“我们这些老家伙,总是要死的,复儿,你要给自己留后路,懂?”司空老大人眼见自己的儿子冷静了下来,这才缓缓直起僵硬的腰杆:“陛下那里一定乱成一团了,为父先去看看,然后咱们父子再想想……再看看……”
墉城、南阴墟、行宫。
这几日,好像所有人都睡不好,三年前就在行宫一里之外发生了骇人听闻的漳水河惨案,数万冤魂困葬此处,夜来风中哀嚎不止,处处显得凶杀不详。
辛涧疲累地坐在御座上,脚下是自己的四个庶出的儿子,最大的今年二十岁,最小的才十四岁,听他们异口同声地表态:“父王,儿臣愿意领兵,为兄长报仇!”
四位王子的名讳分别是:移、和、程、秩。娇儿继承了高辛氏的英朗相貌,难得的是都已化形,按照年岁分别是:狐有翼、凫有翼、琴虫有翼、雌雄同体。
他们很清楚,大哥死了,太子出缺,父王哀痛不止,这一次若是能表现抢眼,难保不是天衍未来的国储。况且东境兵力被父王一手掌握,中境六军却一直以来都是太子府整合,这次争取,不仅仅有东宫之位,还有天下四分之一的兵权。

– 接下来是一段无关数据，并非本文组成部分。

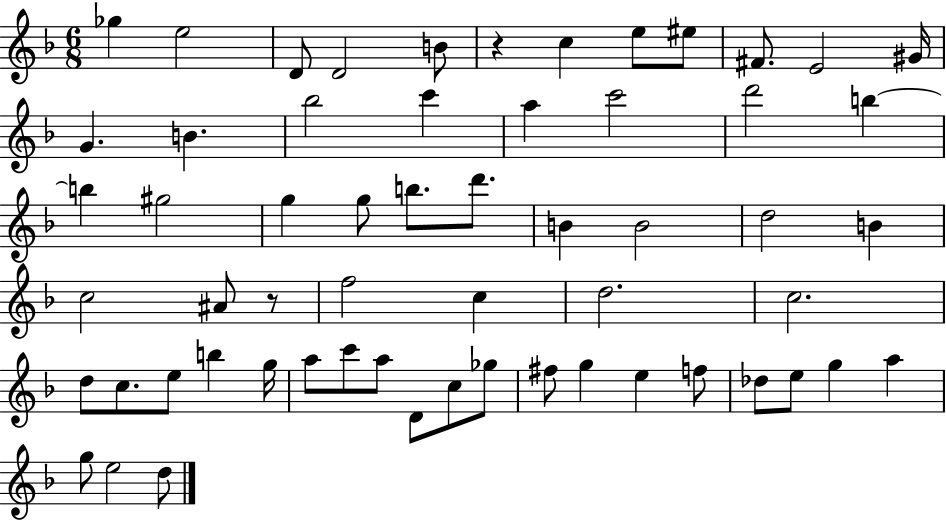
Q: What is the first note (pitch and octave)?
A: Gb5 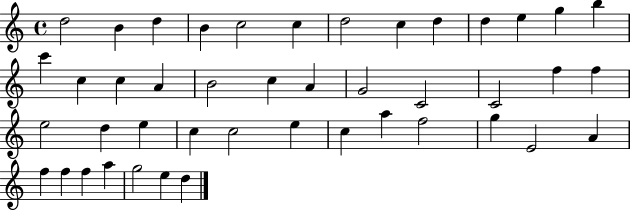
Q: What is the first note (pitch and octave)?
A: D5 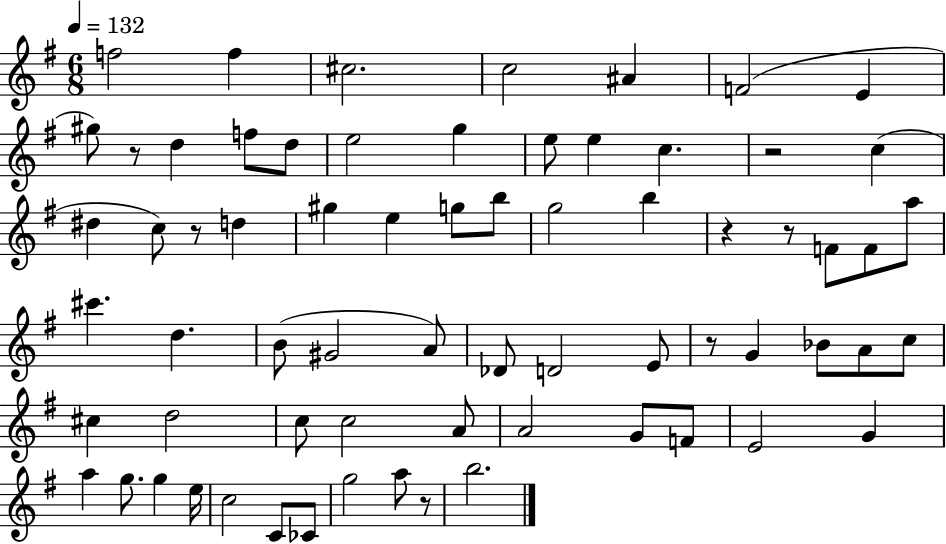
F5/h F5/q C#5/h. C5/h A#4/q F4/h E4/q G#5/e R/e D5/q F5/e D5/e E5/h G5/q E5/e E5/q C5/q. R/h C5/q D#5/q C5/e R/e D5/q G#5/q E5/q G5/e B5/e G5/h B5/q R/q R/e F4/e F4/e A5/e C#6/q. D5/q. B4/e G#4/h A4/e Db4/e D4/h E4/e R/e G4/q Bb4/e A4/e C5/e C#5/q D5/h C5/e C5/h A4/e A4/h G4/e F4/e E4/h G4/q A5/q G5/e. G5/q E5/s C5/h C4/e CES4/e G5/h A5/e R/e B5/h. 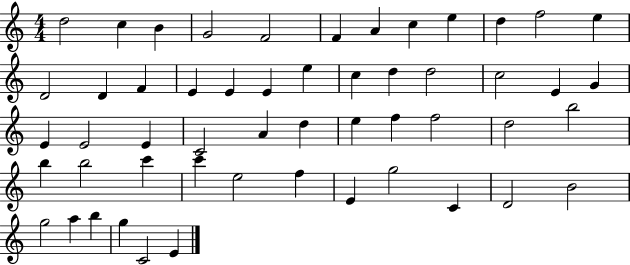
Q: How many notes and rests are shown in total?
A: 53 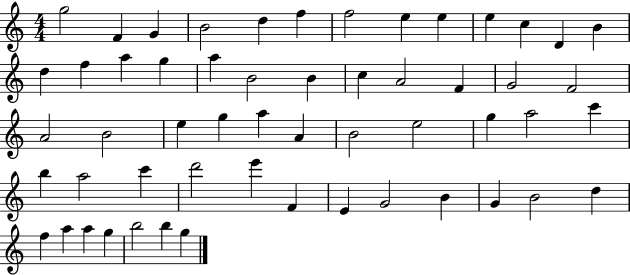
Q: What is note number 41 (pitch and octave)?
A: E6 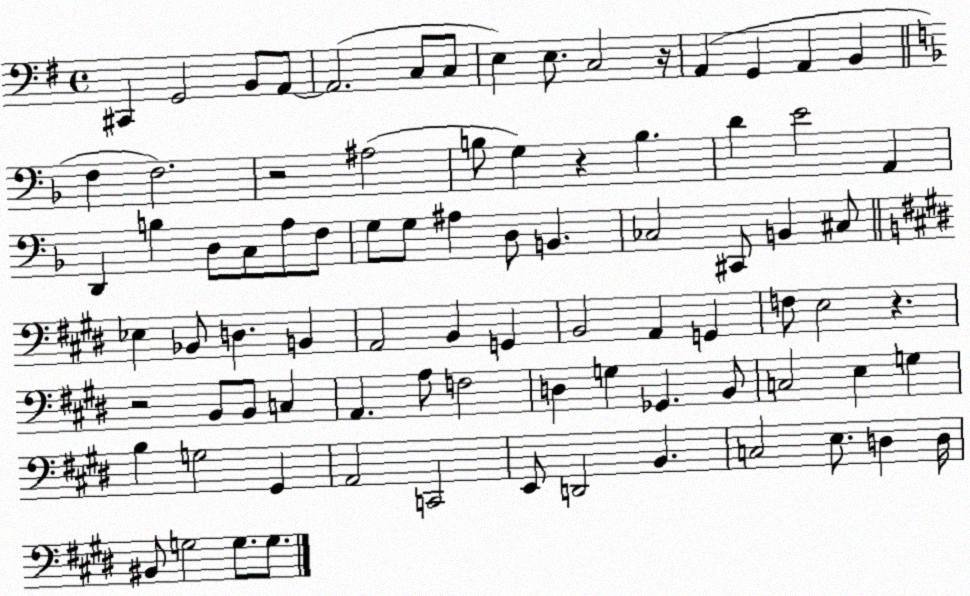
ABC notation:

X:1
T:Untitled
M:4/4
L:1/4
K:G
^C,, G,,2 B,,/2 A,,/2 A,,2 C,/2 C,/2 E, E,/2 C,2 z/4 A,, G,, A,, B,, F, F,2 z2 ^A,2 B,/2 G, z B, D E2 A,, D,, B, D,/2 C,/2 A,/2 F,/2 G,/2 G,/2 ^A, D,/2 B,, _C,2 ^C,,/2 B,, ^C,/2 _E, _B,,/2 D, B,, A,,2 B,, G,, B,,2 A,, G,, F,/2 E,2 z z2 B,,/2 B,,/2 C, A,, A,/2 F,2 D, G, _G,, B,,/2 C,2 E, G, B, G,2 ^G,, A,,2 C,,2 E,,/2 D,,2 B,, C,2 E,/2 D, D,/4 ^B,,/2 G,2 G,/2 G,/2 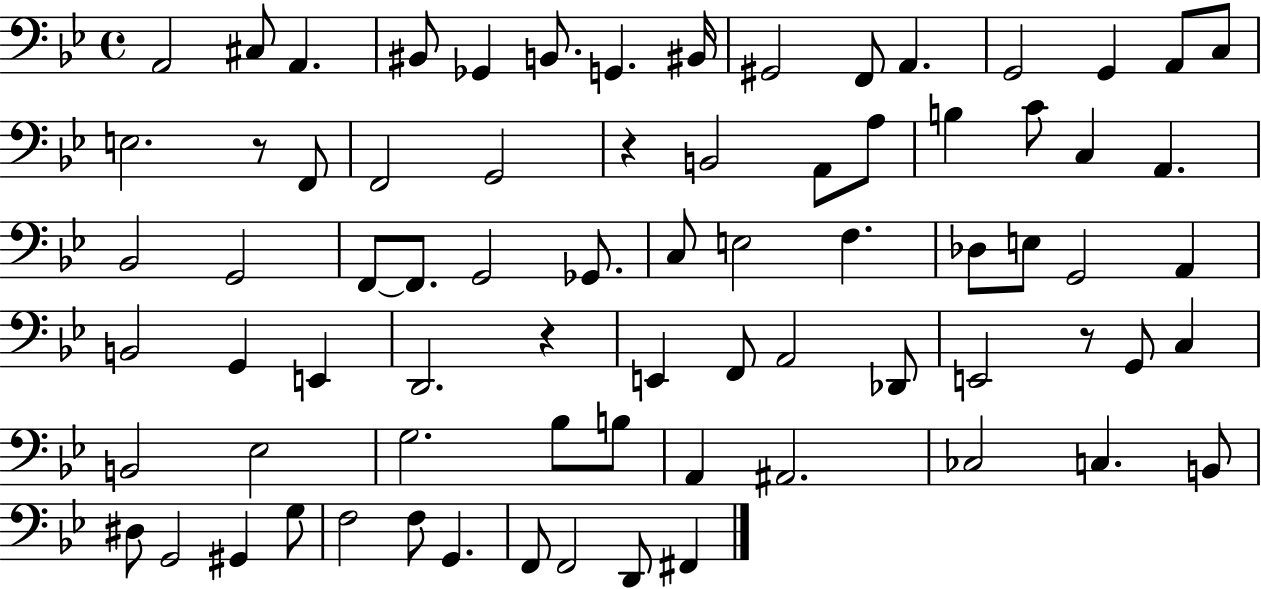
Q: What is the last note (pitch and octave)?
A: F#2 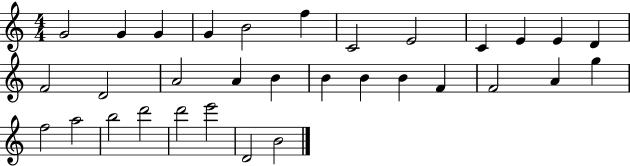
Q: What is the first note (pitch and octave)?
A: G4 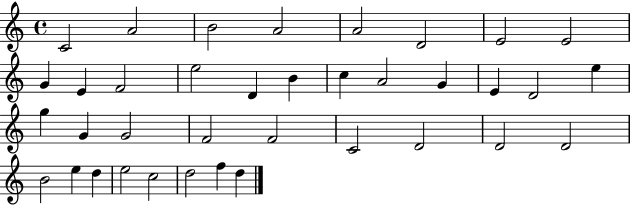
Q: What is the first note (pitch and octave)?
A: C4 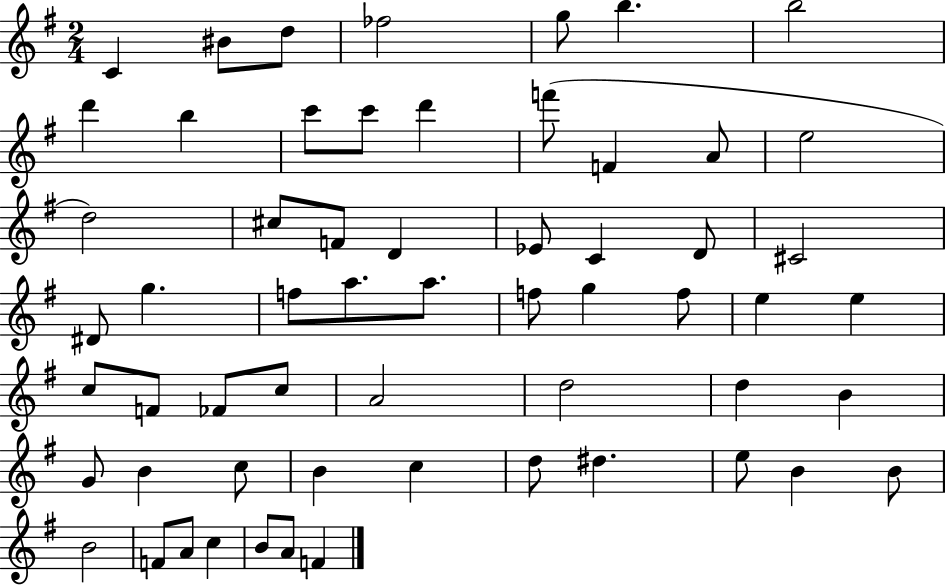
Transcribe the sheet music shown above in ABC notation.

可是辛涧没有表态,他浑身透着父亲刻骨的疲惫,缓缓揉动着额头,像是在等着什么人……
“他有民心,有威望,神京许多世家子弟与他皆交往甚厚,章华太子一去,对辛涧这个天子的人望、威信、势力都是难以想象的打击。”
徐守文难得直接盯着辛鸾说话,专注的眼睛紧锁着他的眉峰嘴角,妄图捕捉到主君脸上一丝一毫的变动。
此地地形南北狭长,地形十分险恶,虽属西境地界,但是严格来说是西境外围,因着群山阻隔得不到西境任何的补给接济,满目都是连绵乱草和粗枝大叶的树林。
辛鸾、仇英、红窃脂、徐守文四人坐在一起开临时会议,远处是一批批暂时休整的军队。
仇英口气挺高兴的:“等我们出去了,也不能说辛襄是自戕弃世死的,要说成是殿下和辛远声对决,胜了他……辛远声的名声不差,殿下有了这战绩,那是何等的震慑力?将来战场上也能让敌人望风披靡。”
红窃脂点头:“同意。”
徐守文又瞥了辛鸾一眼:“说来也是我们走运,章华太子若不是出了意外,来日战场相遇,还不知道要死我方多少将士。”
仇英牙酸地看了辛徐二人一眼,紧接着,笑了笑,“小松仁儿,这世上没有无因之果,也没有无果之因,当年辛涧杀了他自己的亲哥哥,现在殿下又杀了他儿子,以血偿血,以牙还牙,也是弟弟杀哥哥,你看,这显然就是老天安排好的呀,是他辛涧注定要吞食的恶果!”